Issue with finetuning a seq-to-seq model

jsrozner · October 27, 2020, 7:23pm

Were you able to get things working?

jsrozner · October 28, 2020, 4:17am

Also, the decoder for T5 in general seems not to print decoded special tokens even when skip_special_tokens is false. I filed a bug github issue

danyaljj · October 28, 2020, 4:41am

Sorry, I haven’t been able to look more into this (more, next week).
But my guess is that there is a problem with end-of-sentence special token that the model fails generate reasonably-lengthed sentences (potentially related to the issue that you filed).

jsrozner · November 4, 2020, 8:48pm

I’m a little confused about decoder_input_ids, labels, and loss calculations. The T5 examples I’m looking at all do it slightly differently, and the documentation seems a bit unclear.

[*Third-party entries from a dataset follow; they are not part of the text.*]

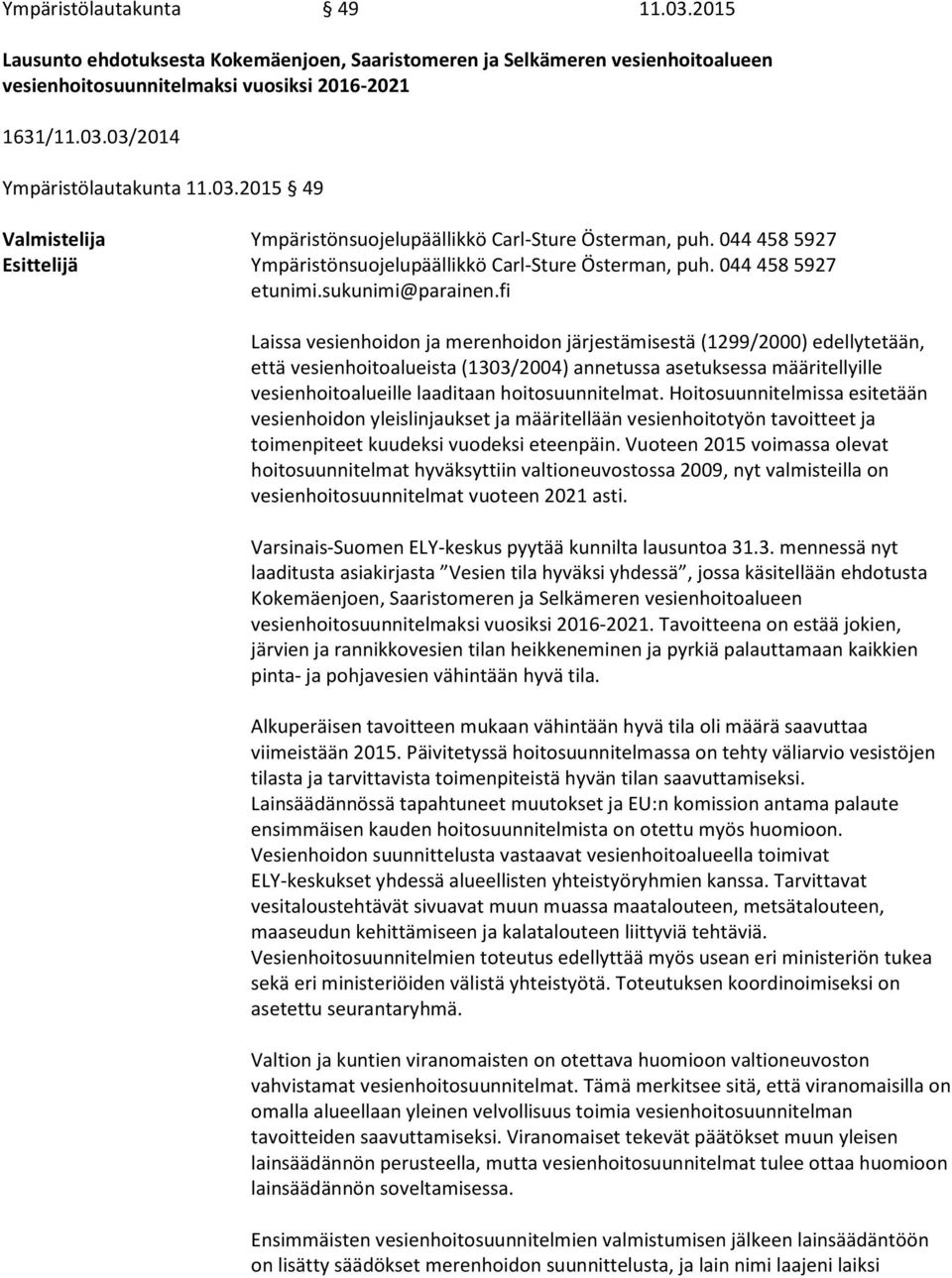 fi Laissa vesienhoidon ja merenhoidon järjestämisestä (1299/2000) edellytetään, että vesienhoitoalueista (1303/2004) annetussa asetuksessa määritellyille vesienhoitoalueille laaditaan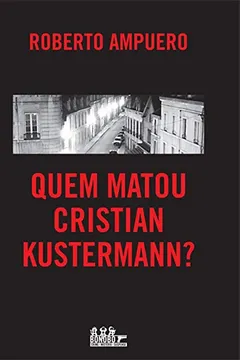 Livro Quem Matou Cristian Kustermann? - Resumo, Resenha, PDF, etc.
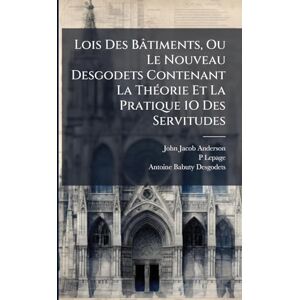 Anderson, John Jacob Lois Des Bâtiments, Ou Le Nouveau Desgodets Contenant La ThÃ(c)orie Et La Pratique 1O Des Servitudes Anderson, John Jacob Lois Des Bâtiments, Ou Le Nouveau Desgodets Contenant La ThÃ(c)orie Et La Pratique 1O Des Servitudes
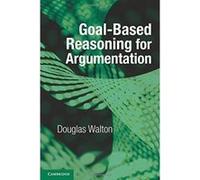 Goalbased Reasoning for Argumentation - [Version Originale] Inconnu (Auteur)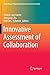 Innovative Assessment of Collaboration (Methodology of Educational Measurement and Assessment)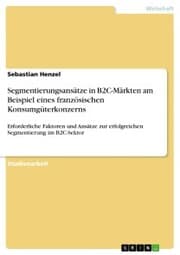 Cover von Segmentierungsansätze in B2C-Märkten am Beispiel eines französischen Konsumgüterkonzerns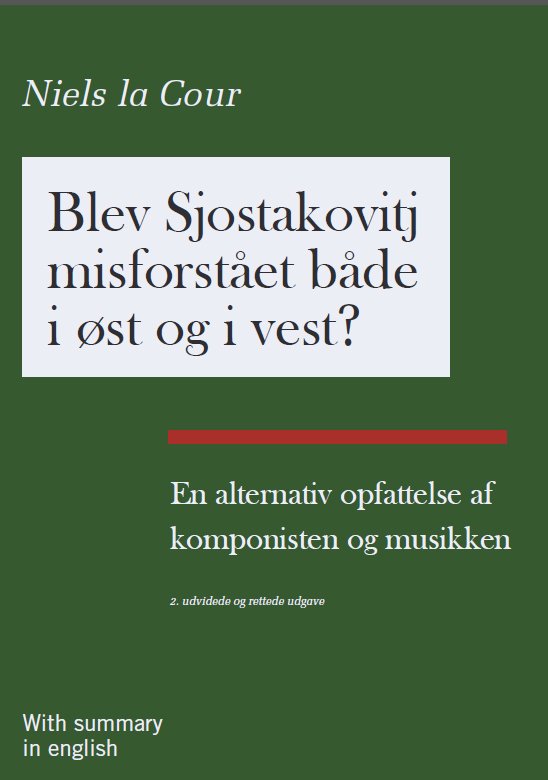 Cover for En alternativ opfattelse af komponisten og musikken · Blev Sjostakovitj misforstået både i øst og i vest? (Sewn Spine Book) [2e uitgave] (2022)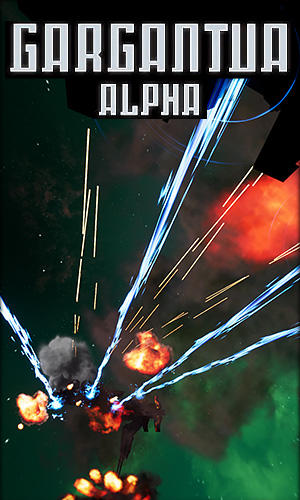 Télécharger Gargantua: Alpha. Spaceship duel pour Android 4.1 gratuit.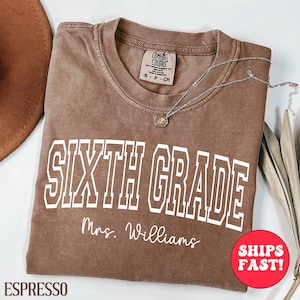 Comfort Colors® Custom Sixth Grade Teacher Shirt, Sixth Grade Shirt, 6th Grade Team, Personalized Teacher 6th Grade Shirt,  Gift for Teacher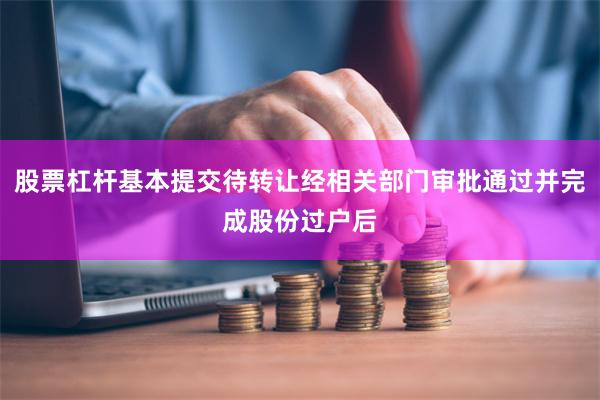 股票杠杆基本提交待转让经相关部门审批通过并完成股份过户后
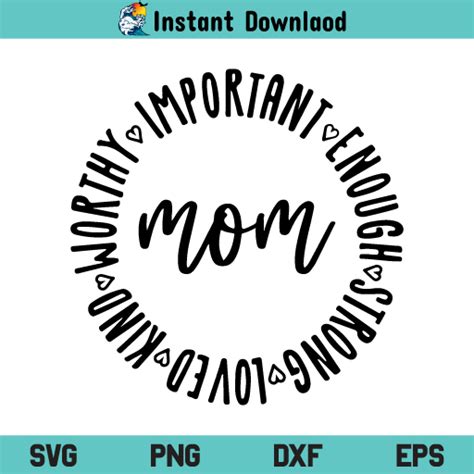 Mom Important Enough Strong Loved Kind Worthy Svg Mom Important Enough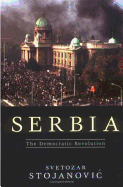 Serbia: The Democratic Revolution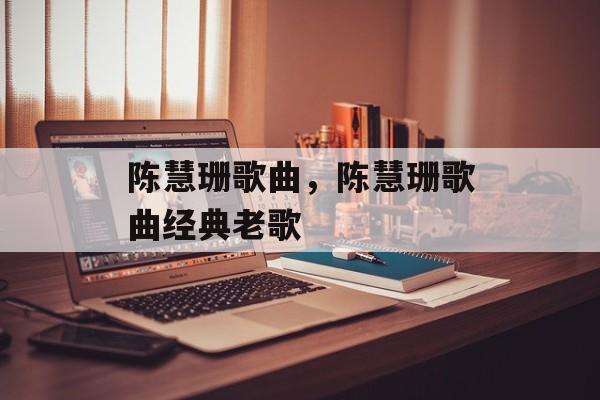 陈慧珊歌曲，陈慧珊歌曲经典老歌-第1张图片-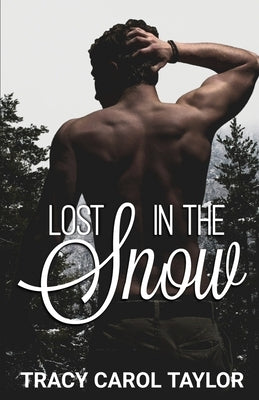 Lost in the Snow by Taylor, Tracy Carol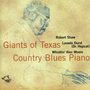 Robert Shaw, Lavada Durst & Whistlin' Alex Moore: Giants Of Teyas: Texas Country Blues Piano, CD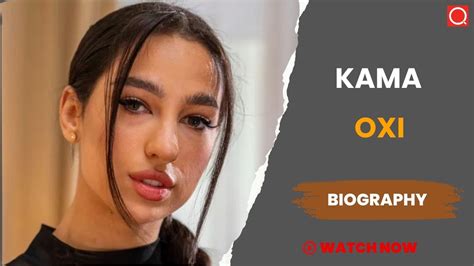 kama oxi|Kama Oxi : Online Video, Biography/Wiki, Age, Height, Career, .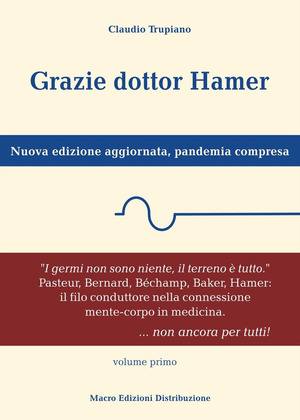 Grazie dottor Hamer. Nuova edizione aggiornata, pandemia compresa. Nuova ediz.
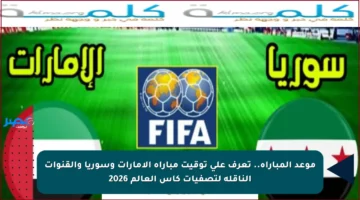 موعد المباراة.. تعرف على توقيت مباراة الإمارات وسوريا والقنوات الناقلة لتصفيات كأس العالم 2026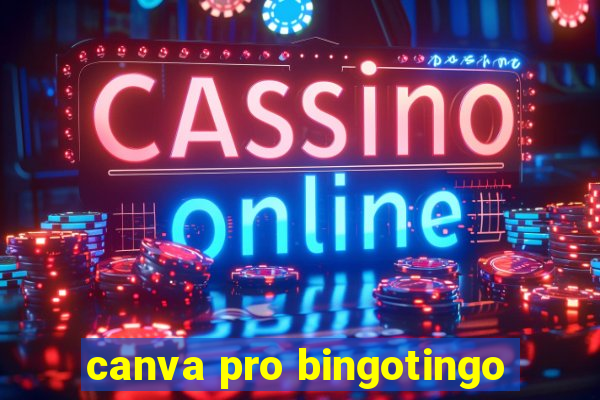 canva pro bingotingo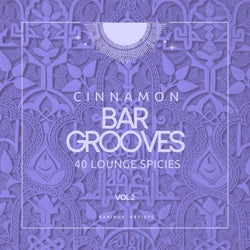 Cinnamon Bar Grooves (40 Lounge Spices), Vol. 2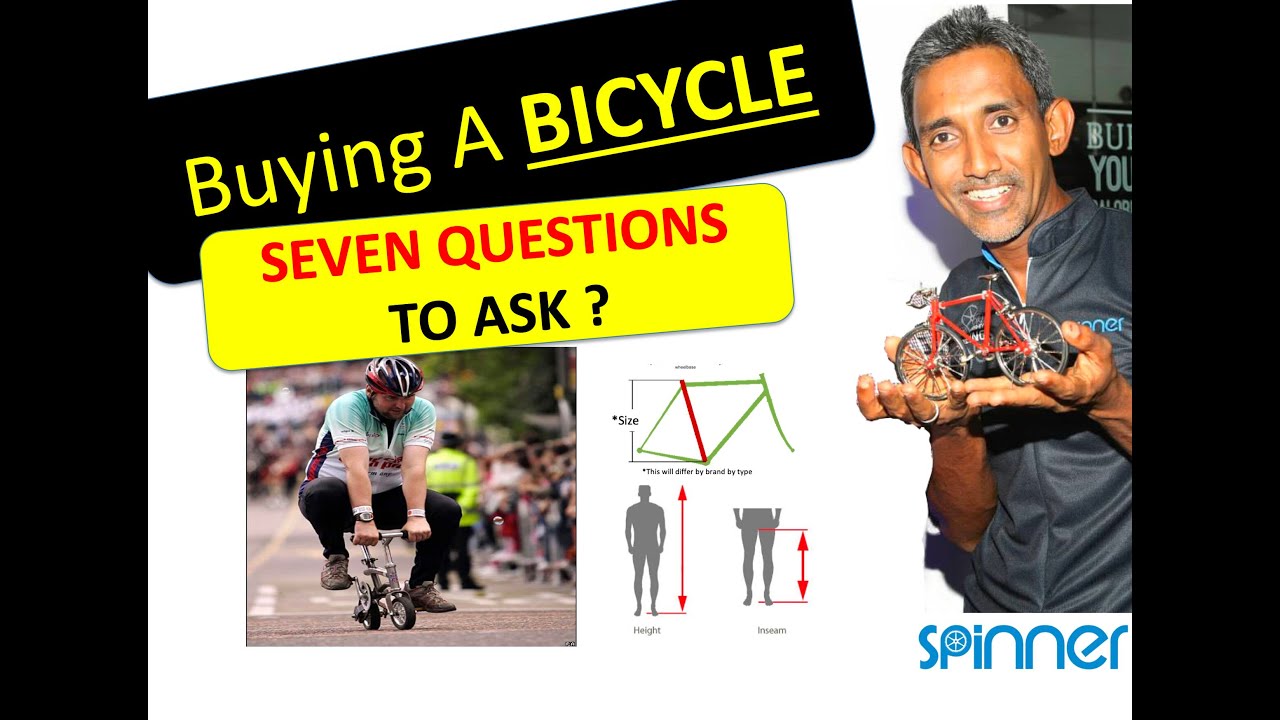 How To Buy A Bicycle / The Seven Questions To ASK ? YouTube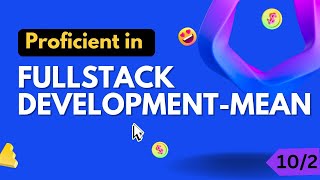 Proficient Course in Fullstack Development MEAN 10 part 2 |  HTML Responsive & Forms, Tables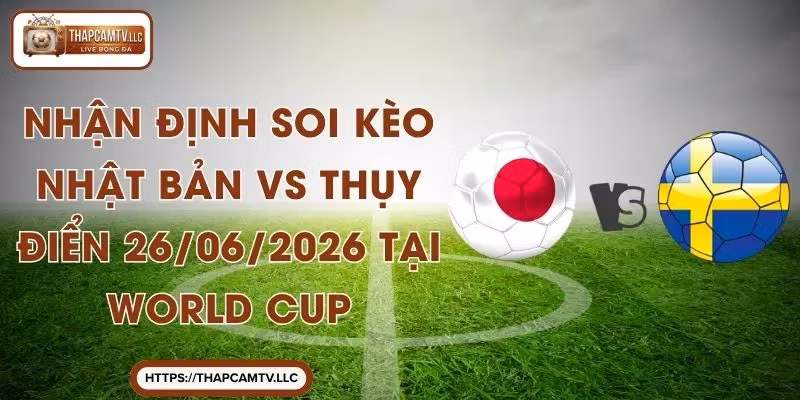 Nhận Định Soi Kèo Nhật Bản vs Thụy Điển 26/06/2026 Tại World Cup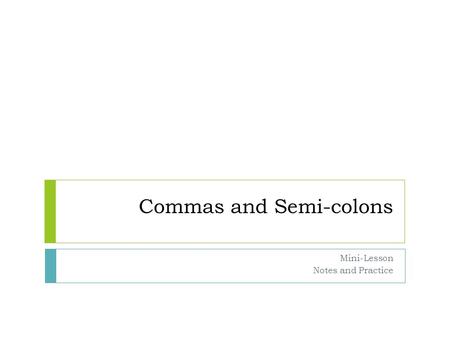 Commas and Semi-colons Mini-Lesson Notes and Practice.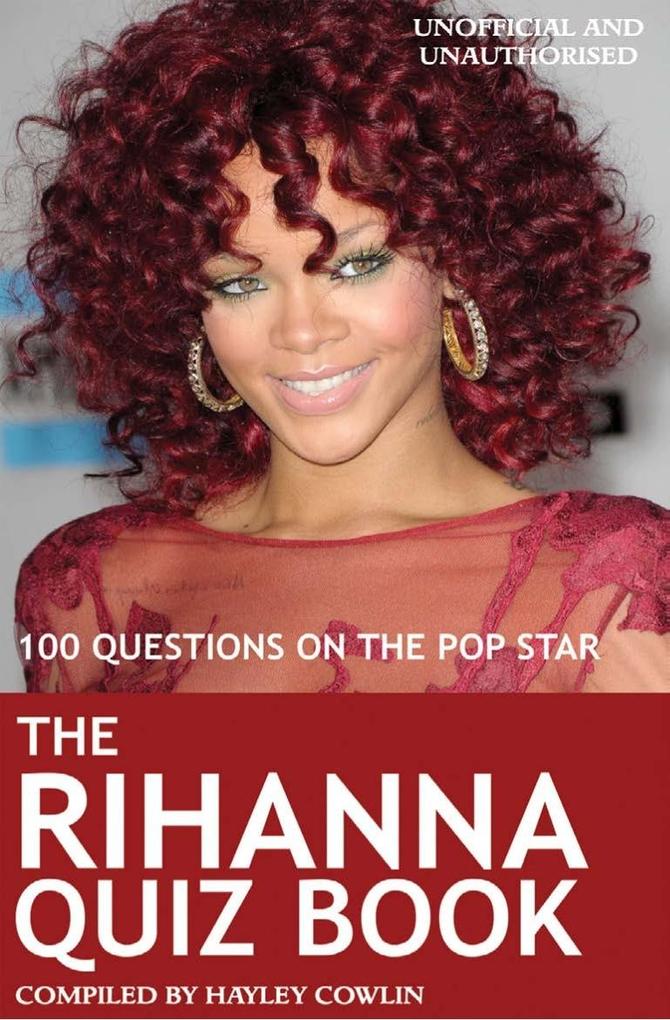 Rihanna Quiz Book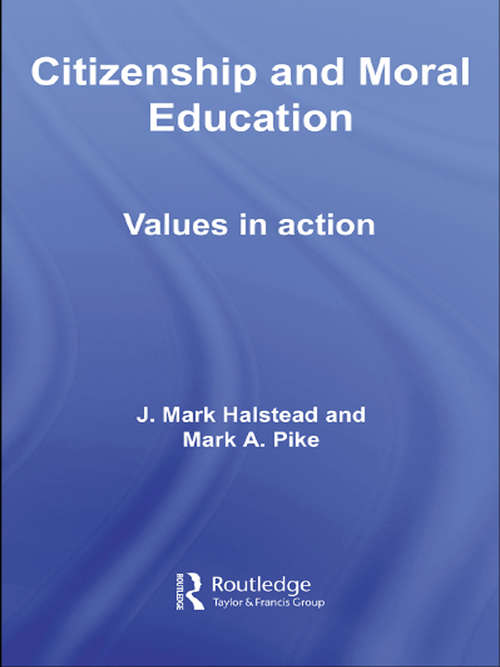 Book cover of Citizenship and Moral Education: Values in Action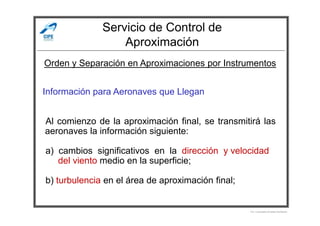 Servicio de Control de
Aproximación
Información para Aeronaves que Llegan
Orden y Separación en Aproximaciones por Instrumentos
Al comienzo de la aproximación final, se transmitirá las
aeronaves la información siguiente:
a) cambios significativos en la dirección y velocidad
del viento medio en la superficie;
b) turbulencia en el área de aproximación final;
Por Licenciado Christian Buchanan
 
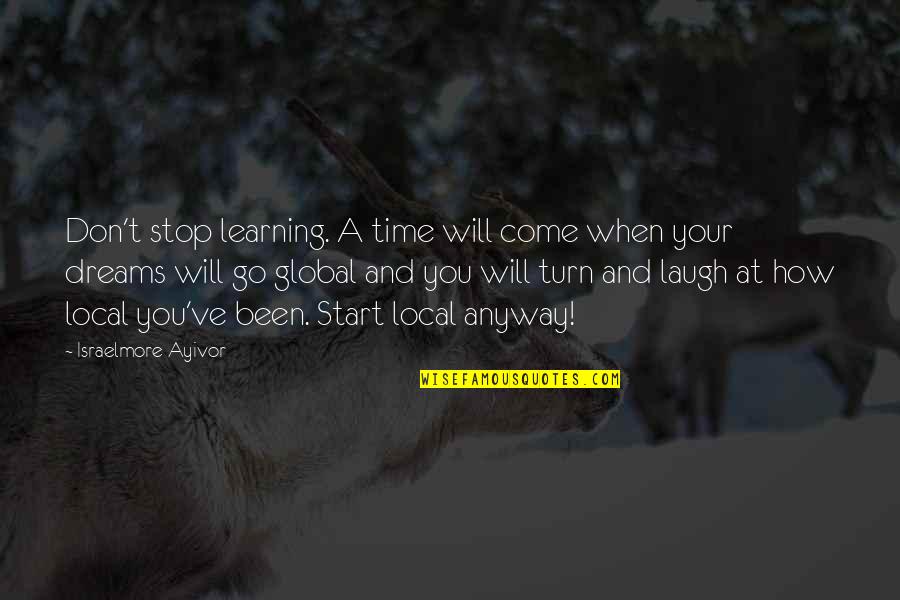 Your Time Will Come Quotes By Israelmore Ayivor: Don't stop learning. A time will come when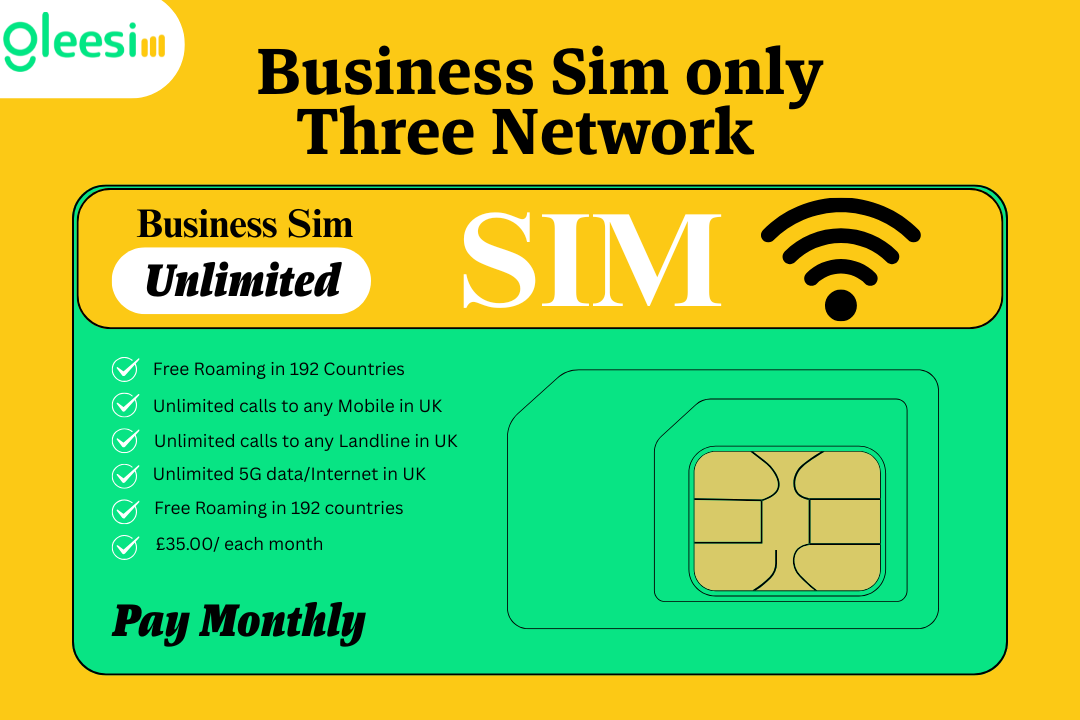 Business SIM Only Plan Unlimited UK Calls+Texts+Data+Free Roaming in 192 Countries - Gleesim.co.uk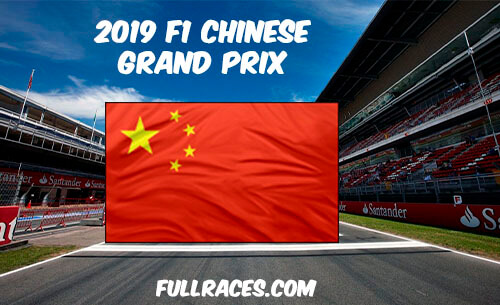 2019 F1 Chinese Grand Prix Full Race Replay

I want to train a seq2seq task that involves language generation. I have source and target “sentences” that are pretokenized (via batch_encode_plus). (Note that batch_encode_plus should be appending the EOS tokens to all of the inputs and targets). The model gets an input sequence and should generate a full output sequence, where I’m finetuning it on these source=> target pairs. I am not using any of the extra_id.

First, I am setting up labels as follows:

src_ids = batch["source_ids"].to(device, dtype=torch.long)
src_mask = batch["source_mask"].to(device, dtype=torch.long)
tgt_ids = batch["target_ids"].to(device, dtype=torch.long)

# set up labels
tgt_ids[tgt_ids[:,:] == 0 ] = -100     # I guess could use masked_fill_()
label_ids = tgt_ids.to(device)        # redundant to send to device twice?
out_dict = model(src_ids, attention_mask=src_mask, labels=label_ids, return_dict=True)

Should I be cloning or detaching here (as seen in the example below)?

Primary question: decoder_input_ids vs labels

– When labels are given (without decoder_inputs), as I have done above, the model will call shift_right, which shifts the labels right (by one) and replaces any -100s with 0s;
– see _shift_right(), where we have this line
shifted_input_ids.masked_fill_(shifted_input_ids == -100, pad_token_id)

But decoder_input_ids vs labels seem to be handled differently in various linked examples. Consider

This t5 finetuning for summary generation example seems not to do the initial right shift

y = data['target_ids'].to(device, dtype = torch.long)
y_ids = y[:, :-1].contiguous()
lm_labels = y[:, 1:].clone().detach()
lm_labels[y[:, 1:] == tokenizer.pad_token_id] = -100
ids = data['source_ids'].to(device, dtype = torch.long)
mask = data['source_mask'].to(device, dtype = torch.long)

outputs = model(input_ids = ids, attention_mask = mask, decoder_input_ids=y_ids, lm_labels=lm_labels)
loss = outputs[0]

Is it a problem that they don’t do the right shift?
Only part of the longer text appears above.